![]() ![]() ![]() ![]() ![]() |
February 20022.25.02:Found the "linux" bug, although the problem might be more related to different versions of gcc. Our linux machines run a newer version. The problem was that during the merge, when I iterate through the lists, there's a for loop to increment the iterator. But I don't want to start at the first item, I want the loop to increment itself first so the start case is says iter++, which works. But for some bone-headed reason, I have some that say iter=iter++, which doesn't increment. So all that "junk" being added was the values for the first item merged into the list a second time. iter+=1 and iter=iter+1 also work. Also revamped the pruning code. It now does as many passes as necessary to get each db within x% error rate of desired rank. Also can do runs with top N% instead of just top n terms. Need to make runs on kmeans data to get generalizeable results.
2.20.02:
On LA, the indexes are exactly the same whether it goes through the
merge or not.

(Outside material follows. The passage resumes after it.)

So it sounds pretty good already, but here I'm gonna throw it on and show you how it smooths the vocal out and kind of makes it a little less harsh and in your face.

But the same problems occurs on Ringtail, which leads
me to believe that it is a platform issue. The sample data, being small,
worked beautifully. Off hand I don't know what the problem is. When we first tried to
compile on linux, there were problems with the setbuf functionality
of fstream (forcing it to use a given buffer). I commented that stuff
out (letting it manage its own buffer), but the same problem occurs.

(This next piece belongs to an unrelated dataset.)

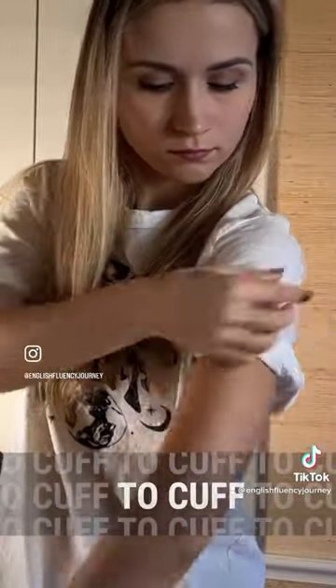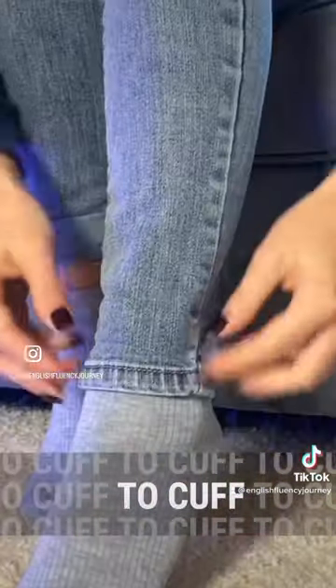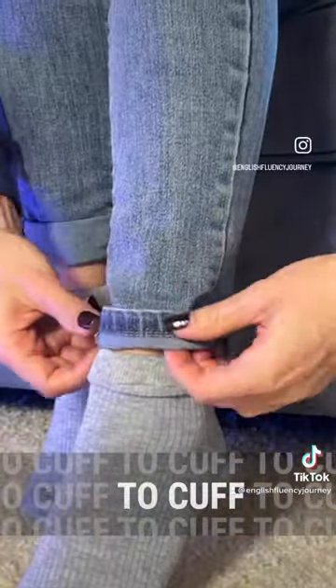Here, I'm cuffing the sleeves of my t-shirt — or some would also say I'm rolling the sleeves of my t-shirt up. And here, I'm cuffing my jeans.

I need to step through the merge code line by line to see what the
problem is. The doc frequency and ctf counts are correct. The read
also reads in the correct length list, but the data is incorrect.
When I compare inverted lists from the 2 dbs, the begining looks the
same, the corrupted one then has a bunch of garbage (wrong value
integers) then continues on the right path again. So some wrong
values got spliced into the middle of the list.
Could there be a memory leak on linux that is not on solaris? I have downloaded some purify type programs
for linux, but have not tried them out. I think I should step through
the merge first to see that there isn't a glaring error. First, I have to get gdb to work predictably.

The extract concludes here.